Lembro que, no meio de um meltdown, em que eu me contorcia em ruminações, ele se aproximou. Deitou sobre meu peito e começou a ronronar. Ele entendia? Vai saber!...
Não concordo com as fezes que o Morrissey fala hoje. Basta conhecer um pouco a realidade de alguém, especialmente se for um artista brilhante, que nossas convicções se esfarelam facilmente, quase sempre exponencialmente ao nível de brilhantismo. Aqui tento justificar meu gosto pelos Smiths. As letras do Morrisey têm algo, especialmente um algo que conversa com adolescentes problemáticos — redundância crua, né? É um dos sons que procuro quando estou pra baixo... Você tem algum método para ouvir música? Costumo tentar escandir a personalidade das pessoas por seu gosto musical. Uma amiga me disse que eu deveria evitar músicas depressivas, principalmente em tempos de crise. Mas entenda — não é a canção que me deixa triste. Ela é apenas um eco de frequência. É confortável ser tocado por alguém que passou algo semelhante, que também tinha essa mania alquímica de extrair beleza da dor.

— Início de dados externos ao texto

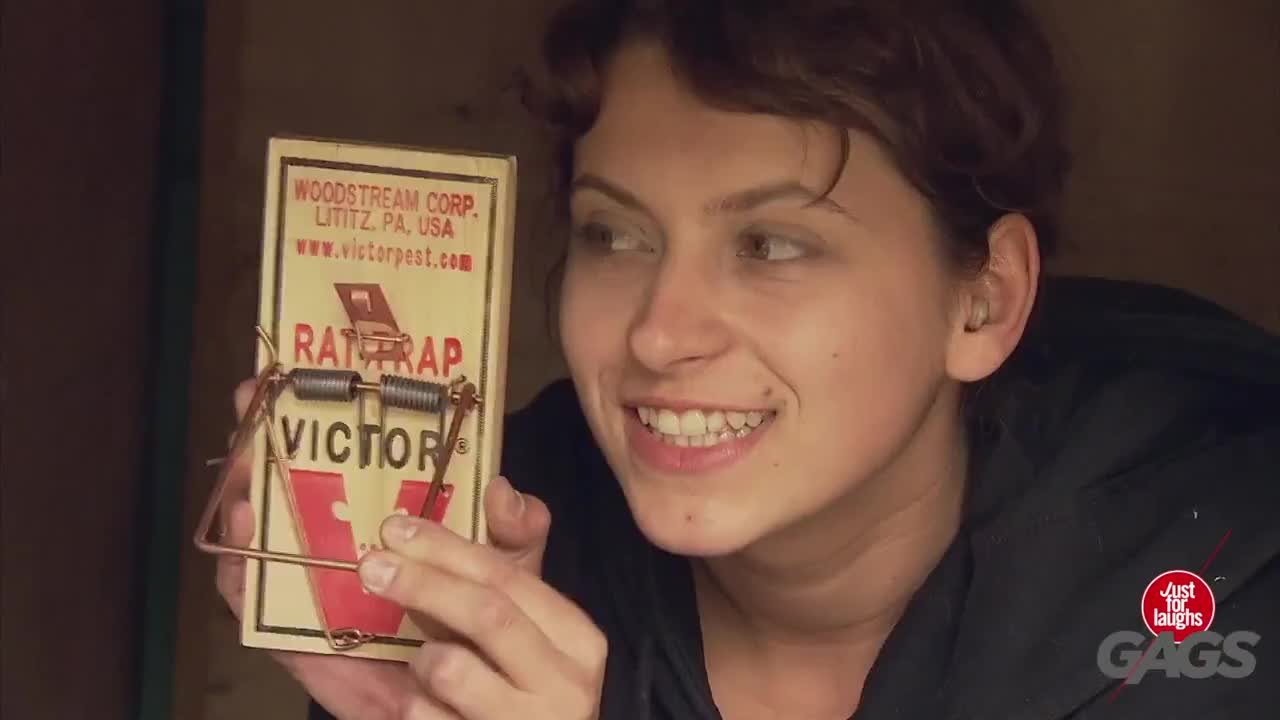 Смешна Скрита Камера - Puppy Gets Stuck in Mouse Trap (720p)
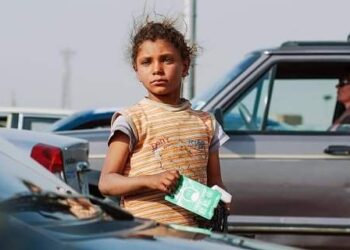 والدها متوفي.. كشف ملابسات تداول فيديو لطفلة تتسول بمدينة نصر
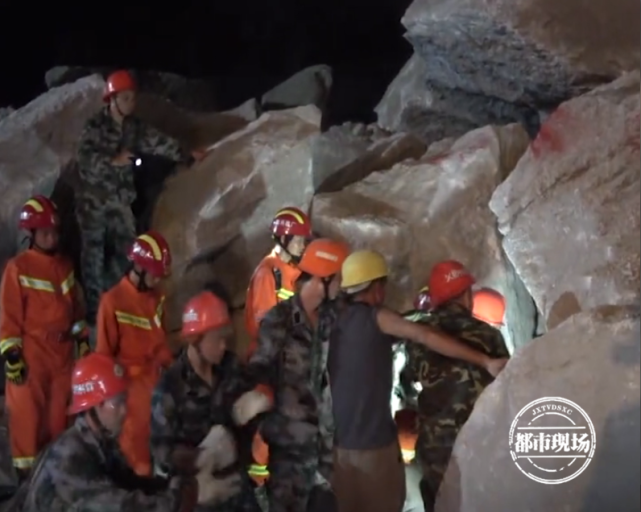 现代英雄事迹有哪些人物（平民英雄事迹的素材）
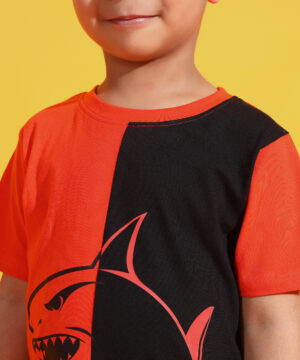 PockMAN Boys Orange&Black Shark Printed Pure Cotton Regular Fit Tshirt 8 30 12 2024 ali 00577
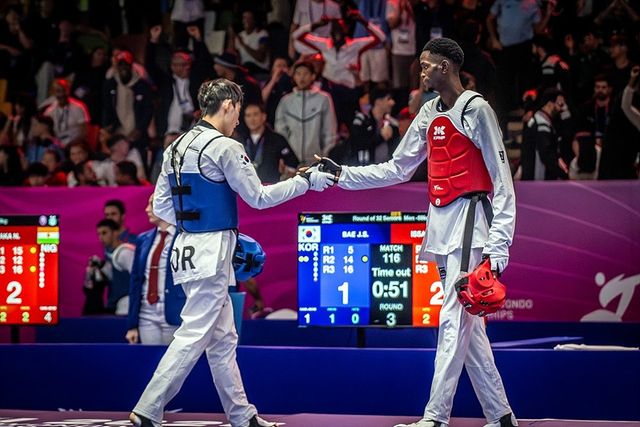 인사하는 배준서(왼쪽). 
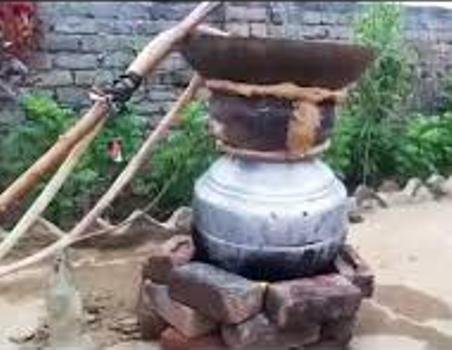 ଦେଶୀ ବିଷାକ୍ତ ମଦର ବନ୍ୟା,  ଜିଲ୍ଲା ବାହାରକୁ ହେଉଛି ଚାଲାଣ : ମହୁଲ ବ୍ୟବସାୟୀଙ୍କ ଉପରେ ପ୍ରଶାସନ  ଅଙ୍କୁଶ ନାହିଁ 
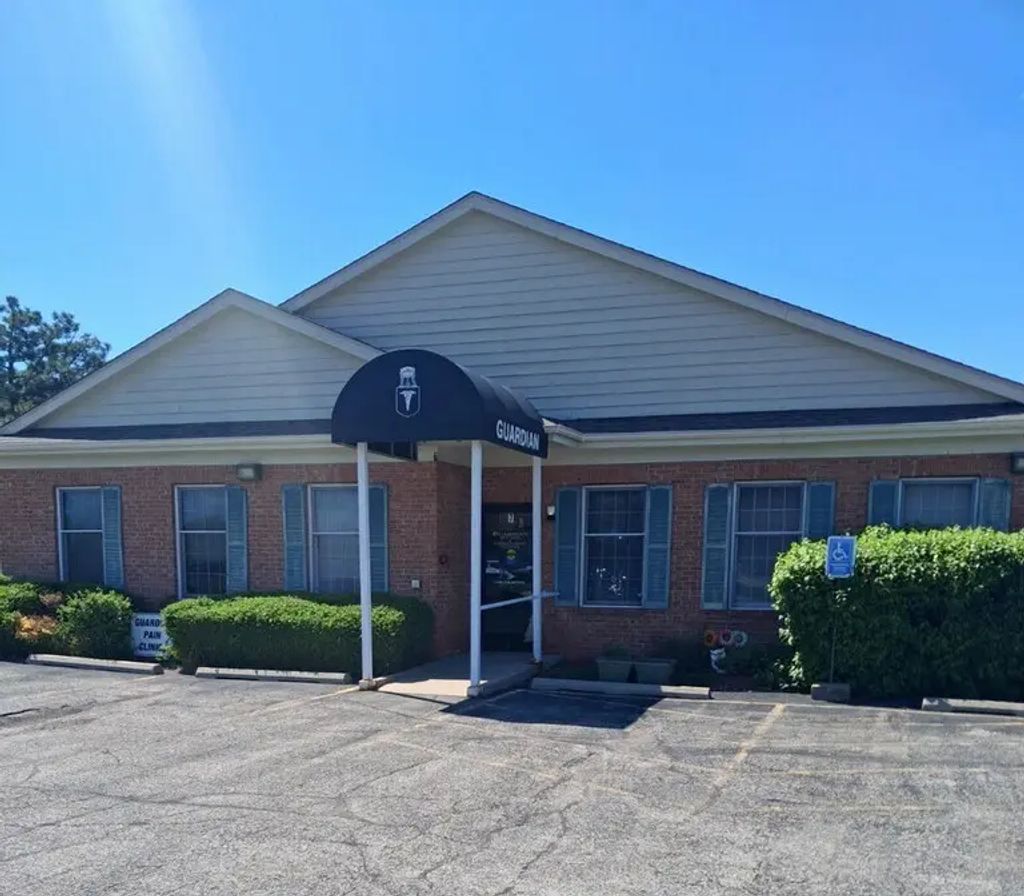 2203 Eastland Suite 7 Drive, Bloomington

Perdi alguns gatos para o veneno, omito a quantidade... É estranho, sabe. Alguém te vê. Sabe a hora que você sai e chega. Planeja por dias ou meses, quem sabe? Decide matar o que você ama. E mata. Encontrei o Pacato morto num dia absurdamente estressante, nos tempos de auxiliar de veterinária, o que me ajudou a identificar o método, claramente envenenamento. Era um gato especial. Não sei se, na época dele filhote, eu ouvia muito os Smiths, e por isso aquele som o satisfazia. Ele podia estar em qualquer parte da casa. Bastava o Johnny Marr palhetar algo. Pacato vinha e se estirava perto do som. Deitava e ficava ali, ao meu entender, curtindo a vibe azevediana comigo.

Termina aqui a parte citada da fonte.